Finally, the effect of exposure to tobacco use on the internet is noteworthy because adolescents and children increasingly spend time on the internet and engage with different social media platforms. Highly engaging marketing and media advertising are effective at promoting tobacco use (41). Content on most internet and social media platforms is engaging and interactive.

Our study used a large sample size, which ensured the validity of various analyses and subgroup analyses. Respondents were selected by using standardized, systematic, and rigorous methods that provided representation of the in-school adolescent population in the study location. The approach of using application of weights and complex samples was an added strength. Both factors ensured generalizability and comparability to previous similar studies (12,28).

Our study had some limitations. First, the cross-sectional study design made it impossible to establish causality between independent and dependent variables through the demonstration of the time-sequence criterion. Second, all data were based on self-reports, possibly leading to under- or overreporting of behaviors, experiences, and perceptions and to recall bias. Although the extent of this under- or overreporting of behavior could not be determined, some GYTS questions have been analyzed and have demonstrated good test–retest reliability and validity (42). Third, this was a school-based design and was limited to students. It may, therefore, not be representative of all adolescents in Ibadan. However, in many countries, most people in the age group studied attend public, private, or technical schools. This holds true for our study area given that the net attendance ratio for Oyo state is about 70% (25), a value likely to be higher for Ibadan, the major urban area and capital city. We found a differential nonresponse rate between public and private schools at the school level, 0% and 33%, respectively. Although this may have altered the sample representativeness, we believe that this effect was minimal because the population of public-school students normally far outweighs that of private schools.

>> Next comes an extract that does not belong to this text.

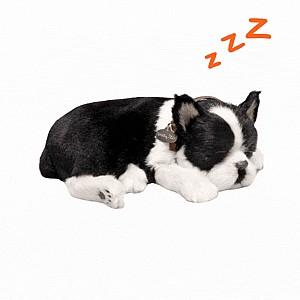 Jucarie de plus Perfect Petzzz Terrier Boston 91-35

Our study provides information about prevalence of tobacco use and associated factors among in-school adolescents in Ibadan, Nigeria, and confirms that tobacco use was low but was associated with peer influence, access to cigarettes, tobacco use misperceptions, exposure to SHS, and protobacco advertising. Policy makers need to consider implementing an antitobacco campaign that uses a peer education strategy among adolescents along with enforcement of comprehensive bans on protobacco advertising and public smoking. A more comprehensive nationwide survey and maintenance of continuous surveillance is needed.

Top

Acknowledgments

We acknowledge funding from the Centers for Disease Control and Prevention (CDC) through the African Field Epidemiology Network (AFENET) in support of the Advanced Nigeria Field Epidemiology Training Program (A-NFETP). This work was done in fulfilment of the requirements for the A-NFETP. We acknowledge the support of the Emerging Authors Program for Global Cardiovascular Disease Research, a mentorship collaboration consisting of the Lancet Commission on Hypertension Group, the CDC, Resolve to Save Lives (RTSL), the World Hypertension League, and the Training Programs in Epidemiology and Public Health Interventions Network. This initiative received support from Bloomberg Philanthropies and RTSL through a grant to the National Foundation for the Centers for Disease Control and Prevention. We also thank the participating schools, teachers, and students for their participation. We thank Cynthia H. Cassell, PhD, in the Division of Global Health Protection, Center for Global Health, CDC, for her thorough feedback on various drafts of this paper. The views expressed are the authors’ and do not reflect those of the CDC, AFENET, or Emerging Authors Program for Global Cardiovascular Disease Research. No copyrighted materials or tools were used in this article.

Top

Author Information

Corresponding Author: Ikenna Onoh, MBBS, MSc, Department of Emergency Preparedness and Response, Nigeria Centre for Disease Control, Plot 801, Ebitu Ukiwe Street, Jabi, Abuja, Nigeria (ikenna.onoh@ncdc.gov.ng).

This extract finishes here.